This branding guidelines document is designed to provide Waldorf University’s faculty and staff with a cohesive and compelling presentation of who we are as an organization and what differentiates us from other universities.


A brand positioning statement ensures that all Waldorf communications are consistent and underscores our value add to all audiences including current and future students, faculty, staff and community partners. An integral part of Waldorf’s strategic plan, this statement brings focus to the development of the strategic marketing plan and its supporting tactics.

Brand Positioning Statement

Since 1903, Waldorf University has created opportunities for learning and service to students seeking well-rounded lives through education by establishing engaging online and residential communities centered on learning and faith.


The mission statement serves as Waldorf University’s North Star, providing its leadership with a guideto advocate the organization’s most inherent purposes.

Mission Statement

Waldorf University seeks to be an engaging community of learning and faith where relationships are formed and opportunities for learning and service abound. Our mission is to educate the whole person emphasizing integrity and equipping students to succeed and to serve the communities where they live and work.

The Short Version (Our Elevator Speech)

Waldorf University seeks to be an engaging community of learning and faith where relationships are formed and opportunities for education and service thrive.


The vision defines our organizational goals and provides direction for achieving them.

Vision Statement

Waldorf University faculty are dedicated to the goals and tenets of liberal arts education.
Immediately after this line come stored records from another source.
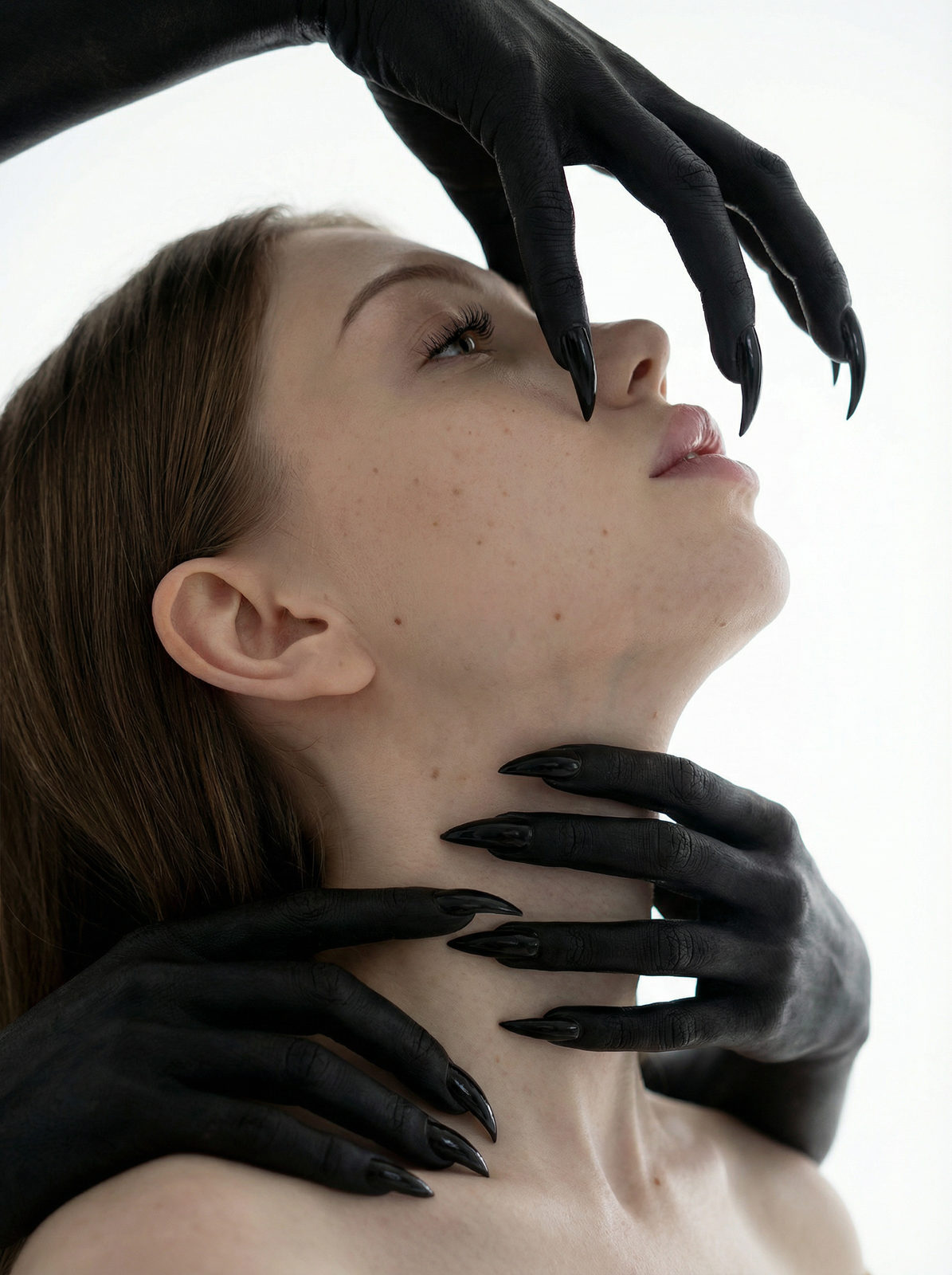 Demonic Embrace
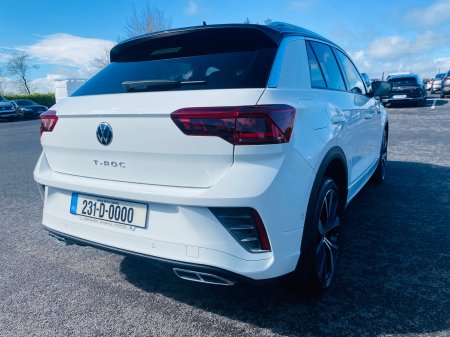 2023 Volkswagen T-Roc - photo 6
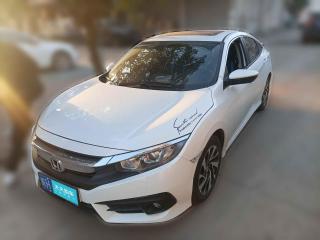 本田思域2016款220TURBOCVT豪华版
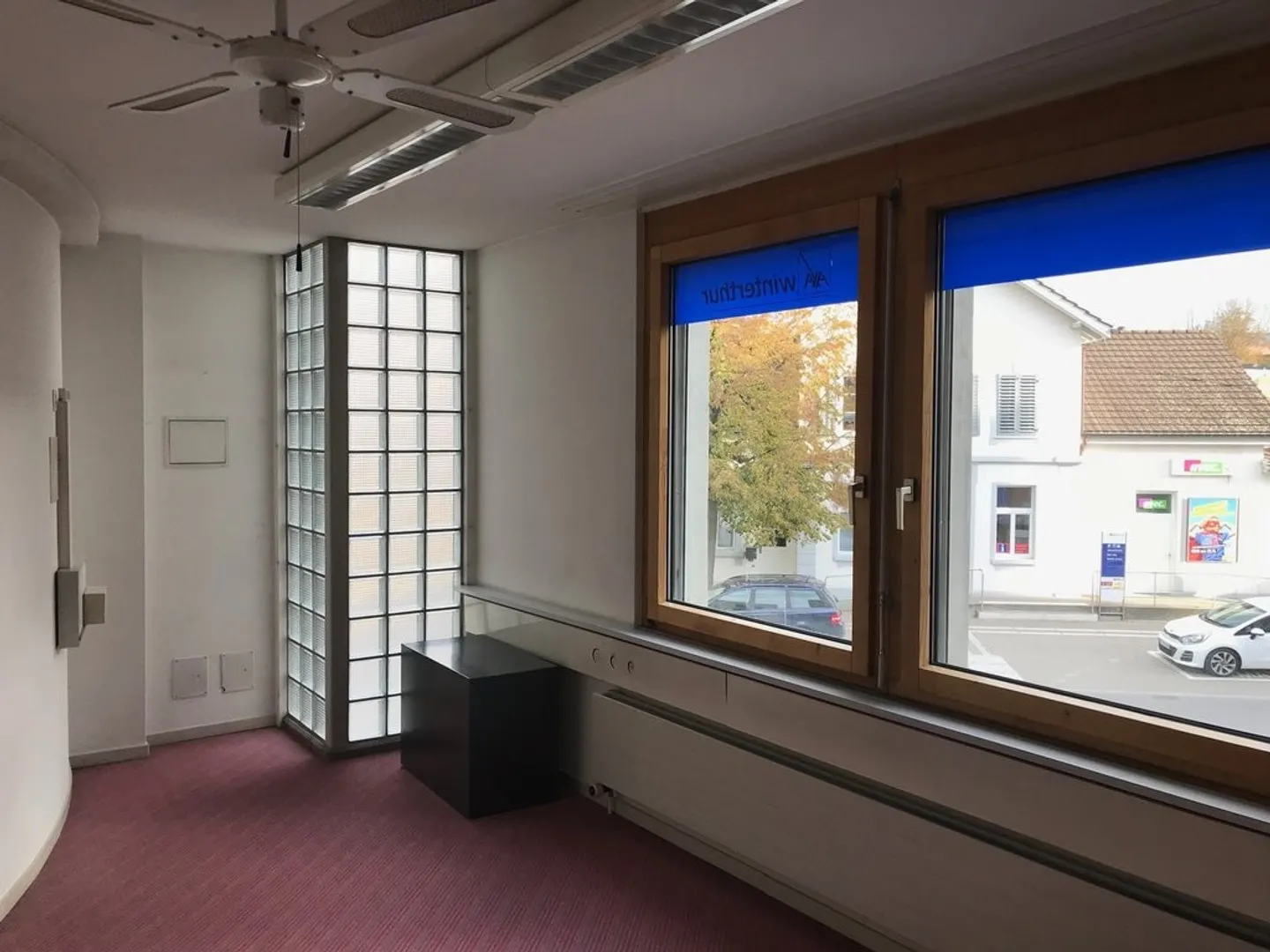 Büro Nahe Bahnhof Laufen - Foto 3 von 4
The development of an appreciation of “a life of the mind” ought to begin in the home and school, be further nurtured at Waldorf, continue in studies at Waldorf, and become a lifelong process. Whether as future business leaders, teachers, professors, scientists, entrepreneurs, ordained clergy, psychologists or musicians—it is hoped that Waldorf graduates will aspire to lives of service. The “core” of the liberal arts program has as its goals that students:

  • Learn to think, write and speak clearly;
  • Begin the process of developing a mature and inquiring mind, with the ability to formulate questions, solve problems and make both intellectual and value judgments;
  • Engage in and appreciate the arts;
  • Acquire understanding of our historical and scientific heritage;
  • Begin to develop an appreciation of other cultures and their ways of knowing;
  • And consider their religious commitments for their meaning in life and the world in which they live and serve.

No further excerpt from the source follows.